The simulation was performed with with an initial cosine hump of the form

$f(x,y,0) = \frac{1}{4} \left[ 1 + \cos(\pi r) \right]$

where

$r(x,y) = \min(\sqrt{(x-x_0)^2 + (y-y_0)^2}, r_0)/r_0$

For this problem, $$r_0=0.2$$ and $$(x_0,y_0) = (1/4, 1/2)$$. To test convergence, the simulation was run to $$t=2\pi$$ with grid sizes $$16\times 16$$, $$32\times 32$$ and $$64\times 64$$ grid (keeping time-step fixed). The results were compared to the initial condition and errors computed and are shown in the following table.
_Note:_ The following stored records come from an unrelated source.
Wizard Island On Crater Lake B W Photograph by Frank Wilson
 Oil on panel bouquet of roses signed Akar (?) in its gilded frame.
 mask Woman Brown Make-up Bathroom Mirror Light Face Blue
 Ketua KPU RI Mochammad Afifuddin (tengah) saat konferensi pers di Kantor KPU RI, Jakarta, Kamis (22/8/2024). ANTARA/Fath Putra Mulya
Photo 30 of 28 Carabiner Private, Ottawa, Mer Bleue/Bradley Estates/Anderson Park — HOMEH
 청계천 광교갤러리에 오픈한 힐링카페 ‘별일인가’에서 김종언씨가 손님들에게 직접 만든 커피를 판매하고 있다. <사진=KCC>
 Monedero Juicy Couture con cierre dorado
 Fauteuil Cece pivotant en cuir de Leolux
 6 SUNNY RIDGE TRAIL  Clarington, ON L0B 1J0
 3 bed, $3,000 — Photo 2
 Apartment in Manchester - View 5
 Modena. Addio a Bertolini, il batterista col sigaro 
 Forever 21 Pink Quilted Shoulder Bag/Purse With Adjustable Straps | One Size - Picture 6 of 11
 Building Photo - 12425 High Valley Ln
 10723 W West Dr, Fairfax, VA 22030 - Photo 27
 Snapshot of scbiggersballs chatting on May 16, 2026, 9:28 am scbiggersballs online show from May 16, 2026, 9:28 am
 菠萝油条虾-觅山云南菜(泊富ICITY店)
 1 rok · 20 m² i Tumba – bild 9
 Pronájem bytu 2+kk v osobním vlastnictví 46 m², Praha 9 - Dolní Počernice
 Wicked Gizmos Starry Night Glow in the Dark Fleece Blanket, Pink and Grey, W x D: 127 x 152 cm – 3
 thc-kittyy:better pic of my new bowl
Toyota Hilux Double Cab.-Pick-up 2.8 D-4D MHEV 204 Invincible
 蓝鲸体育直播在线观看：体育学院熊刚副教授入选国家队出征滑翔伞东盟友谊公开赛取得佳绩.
Convergence for piecewise linear spatial scheme
Cell size Average Error Order Simulation
$$1/16$$ $$1.8302\times 10^{-2}$$   s201
$$1/32$$ $$5.0170\times 10^{-4}$$ 1.76 s202
$$1/64$$ $$1.0859\times 10^{-5}$$ 2.22 s203

Next, a piecewise quadratic spatial scheme was used to compute the solution to $$t=4\pi$$ on a $$32\times 32$$ at which point the cosine hump has advected twice about the origin. The figure below shows the solution at four different times, indicating that the algorithm essentially advects the initial hump without any significant distortion.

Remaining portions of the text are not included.